● **Task brief**: Your copy should hold exactly the lines from the one containing "In the previous" through the last line of the entries, and no pictures.

● **Collected data**:
════════════════════
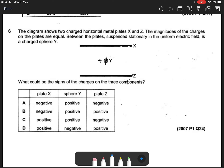Question 6.2.0.7. The diagram shows two charged parallel horizontal metal plates X and Z. The magnitude of the charges on the plates are equal. Between the plates, suspended stationary in the uniform electric field, is a charged sphere Y.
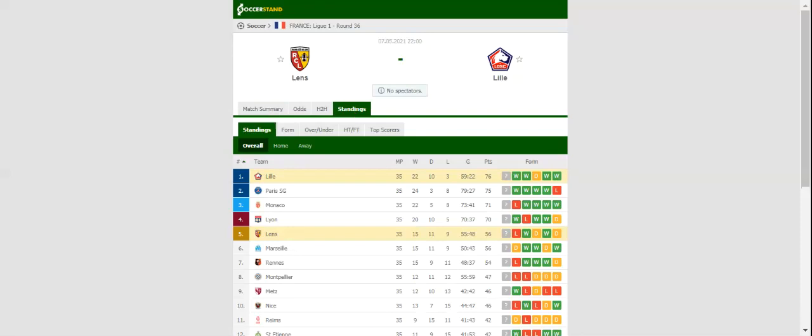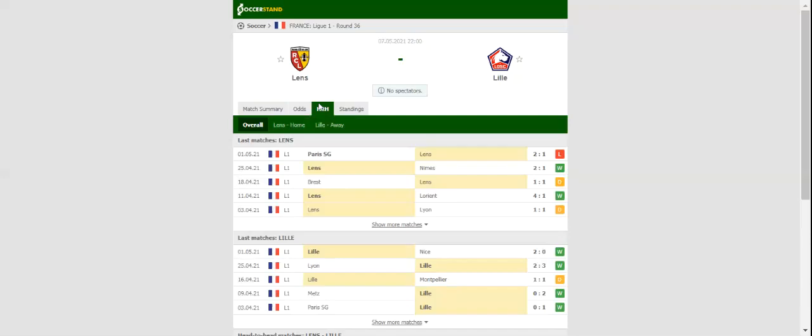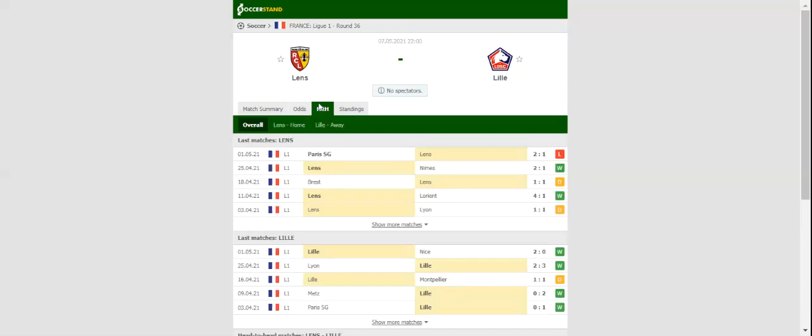All eyes will be on Stade Bollaert-Delelis, when Lens and Lille face each other in Ligue 1 round 36.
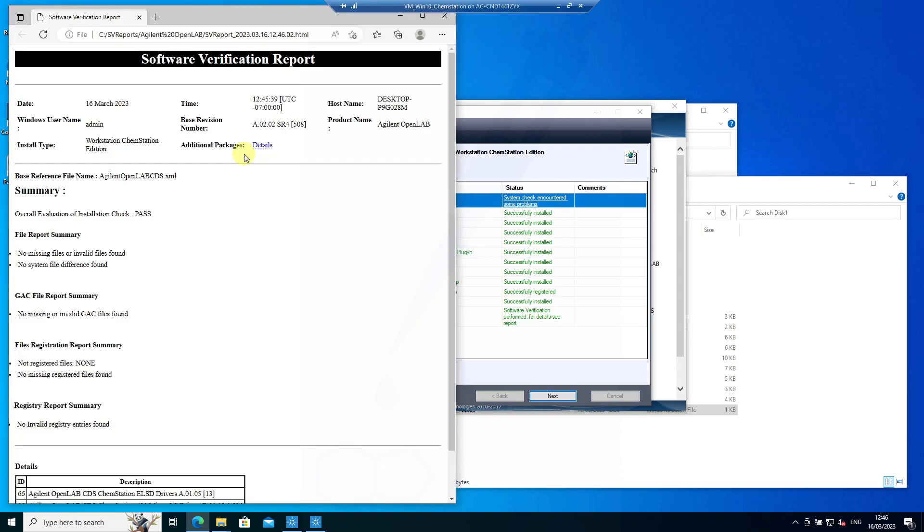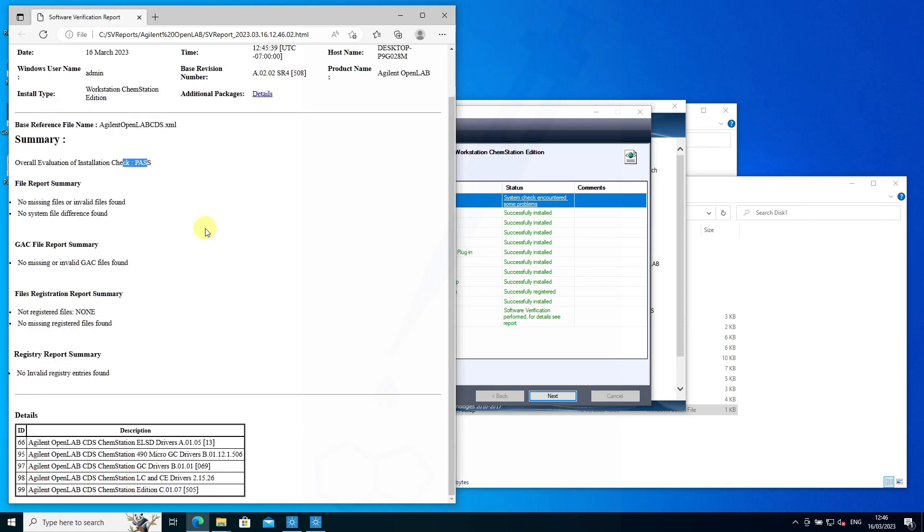The final report might look like this, where the software verification is run. The overall evaluation might be a pass or fail, and you can see what was installed in terms of the drivers—the GC and LC drivers—as well as the version.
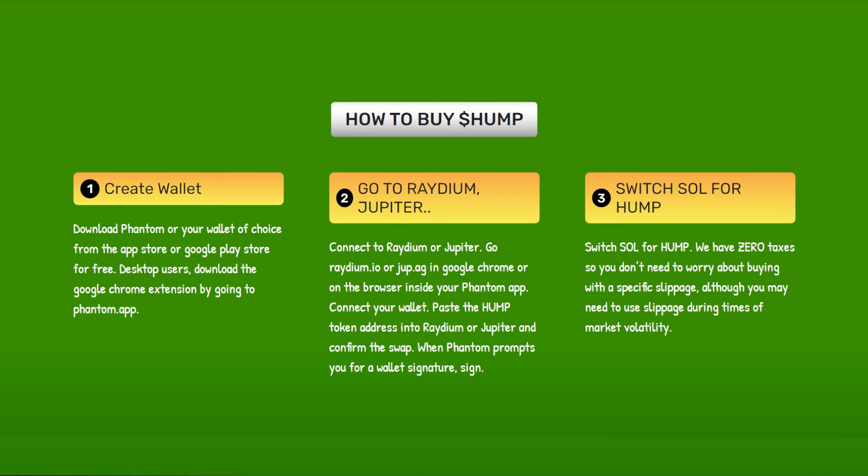Connect to Raydium or Jupiter by going to raydium.io or jup.ag in Google Chrome or in the browser inside your Phantom app. Connect your wallet, paste the Hemp token address into Raydium or Jupiter, and confirm the swap. Phantom will then prompt you for a wallet signature — sign it.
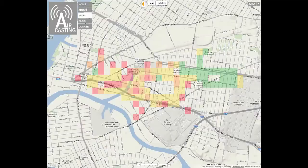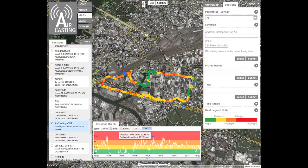An air casting session is when we go out and measure all the air quality, and then you record everything that's going on for about an hour. When you record the session, it shows how the air quality was throughout the session.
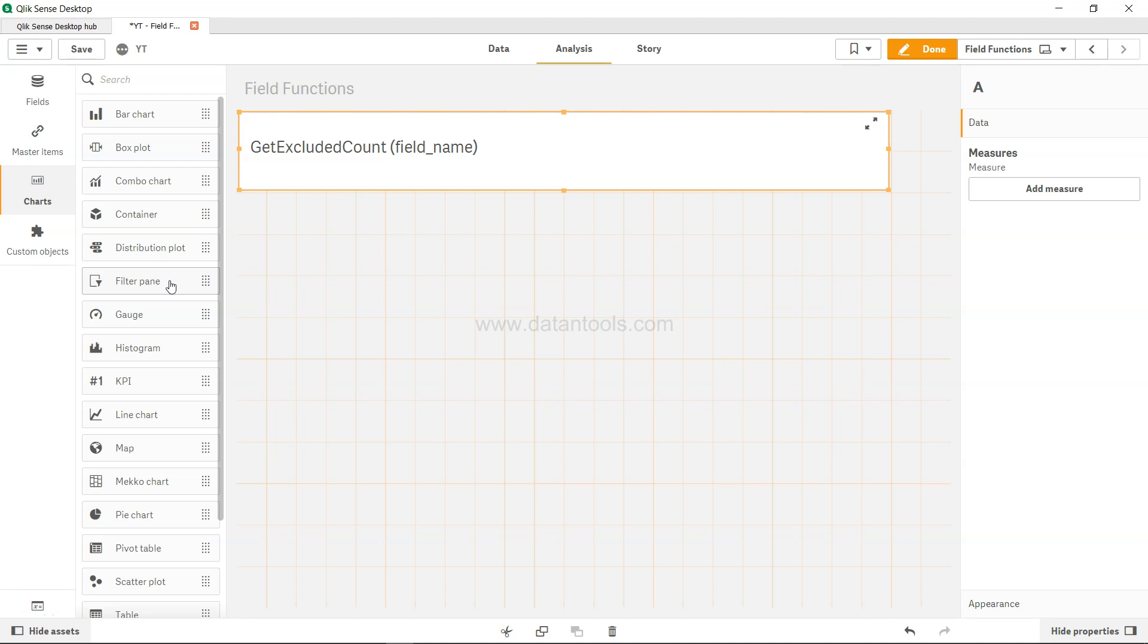Hi there, welcome back to the new Qlik Sense tutorial video. In this video we're going to look at the GetExcludedCount function.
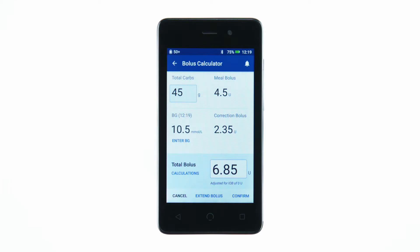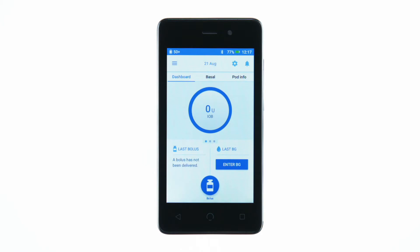The Omnipod Dash System's bolus calculator calculates a suggested bolus based on entered blood glucose levels and the amount of carbs in the meal. The bolus button is accessible from the home screen. To begin, tap the bolus button.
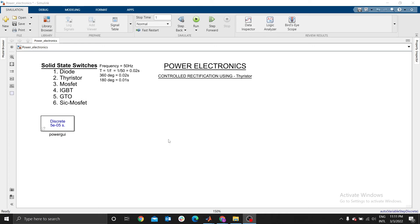In the previous video we used a thyristor to rectify a single phase circuit. In this video we are going to use still a thyristor to rectify a single phase circuit, but with full wave rectification. Today our main focus will be full wave rectification using a thyristor, which is controlled.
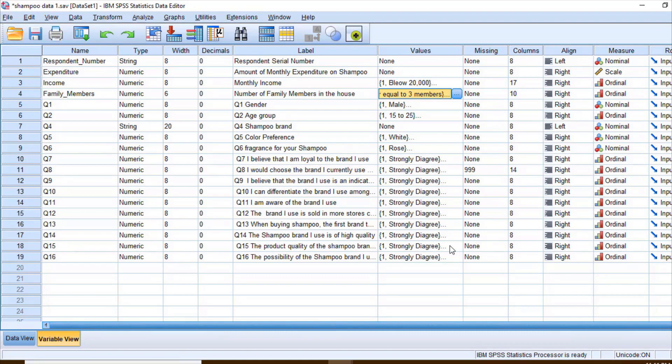One more hypothesis I have: is there any significant difference between the number of family members in the house and the amount of expenditure on shampoo? Before we start the analysis, we must first frame the null hypotheses.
════════════════════
● **Output**:
In the previous video we used a thyristor to rectify a single phase circuit. In this video we are going to use still a thyristor to rectify a single phase circuit, but with full wave rectification. Today our main focus will be full wave rectification using a thyristor, which is controlled.
One more hypothesis I have: is there any significant difference between the number of family members in the house and the amount of expenditure on shampoo? Before we start the analysis, we must first frame the null hypotheses.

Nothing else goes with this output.